Als Edgar Sonnenschein in den 90er Jahren als Stadtdirektor der noch jungen Stadt Meerbusch in den Ruhestand ging, dankten Politiker und Bürger einem preußischen Beamten und gewieften Juristen. Sonnenschein hatte unerschüttert mit anderen engagierten Meerbuschern für den Erhalt und gegen die Eingemeindung nach Krefeld und Düsseldorf gekämpft. Zur Pensionierung votierte der Stadtrat seinerzeit hinter verschlossen Türen in nicht-öffentlicher Sitzung dafür, dass der verdiente Beamte weiterhin in der Dienstvilla an der Büdericher Allee wohnen bleiben dürfe.

Heute steht auf Antrag der Unabhängigen Wählergemeinschaft (UWG) der Verkauf einiger städtischer Immobilien auf der Tagesordnung des öffentlichen Teils der Ratssitzung ab 17 Uhr im Foyer des Meerbusch-Gymnasiums in Strümp. Dazu zählt auch das 1959 gebaute Einfamilienhaus mit 160 Quadratmetern Wohnfläche, in dem der frühere Verwaltungschef immer noch lebt.

"Die von der Stadt Meerbusch verlangten Mieten liegen weit unter den marktüblichen Mieten", heißt es in der schriftlichen Begründung, die der UWG-Fraktionsvorsitzende Christian Staudinger-Napp unterzeichnet hat. Der infrage kommende Immobilienbestand solle schrittweise veräußert werden und der Erlös als Sondertilgung zur Reduzierung der kommunalen Schulden Verwendung finden, erklärt der Ratsherr.

Aus einer von der Stadtverwaltung Meerbusch erstellten Vorlage sei erkennbar, dass mehrere Immobilien nicht für die Erfüllung der städtischen Aufgaben benötigt würden und an Privatpersonen vermietet seien. Dort bestünden große Diskrepanzen zwischen den Kosten, welche die Kommune aufwenden müsse, und den Mieteinnahmen einschließlich der Nebenkosten, heißt es weiter.

Hinsichtlich der Prioritäten regt Staudinger-Napp an, die Häuser und Wohnungen zuerst auf den Markt zu bringen, bei denen ein hoher Investitionsstau bestehe oder die Stadt Verluste einfahre. Unter diesen Gesichtspunkten sollte ein erster Teilverkauf erfolgen.
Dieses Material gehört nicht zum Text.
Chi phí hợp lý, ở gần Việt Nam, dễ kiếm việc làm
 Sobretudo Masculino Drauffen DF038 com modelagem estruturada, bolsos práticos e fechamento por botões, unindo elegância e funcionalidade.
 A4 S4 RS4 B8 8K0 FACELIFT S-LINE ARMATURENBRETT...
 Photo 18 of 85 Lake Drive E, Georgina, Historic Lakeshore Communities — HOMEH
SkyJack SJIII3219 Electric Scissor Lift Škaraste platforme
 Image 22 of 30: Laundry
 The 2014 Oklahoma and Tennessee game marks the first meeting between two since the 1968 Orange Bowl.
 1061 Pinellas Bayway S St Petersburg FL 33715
Gerade erst hat die Landesentwicklungsanstalt (LEG) einen detaillierten Wohnungsmarktreport für Meerbusch veröffentlicht, der Staudinger-Napps Einschätzung hinsichtlich der geringen Miethöhe stützt. Laut LEG-Analyse beträgt die durchschnittliche Kaltmiete in Büderich 7,81 Euro pro Quadratmeter. In der Spitze (die oberen zehn Prozent) sind es im Mittel sogar 11,84 Euro. Für die Dienstvilla des pensionierten Stadtdirektors verlangt die Kommune lediglich 6,31 Euro und erreicht damit fast die untere Mietgrenze (unteren zehn Prozent) für Büderich, die bei sechs Euro pro Quadratmeter liegt.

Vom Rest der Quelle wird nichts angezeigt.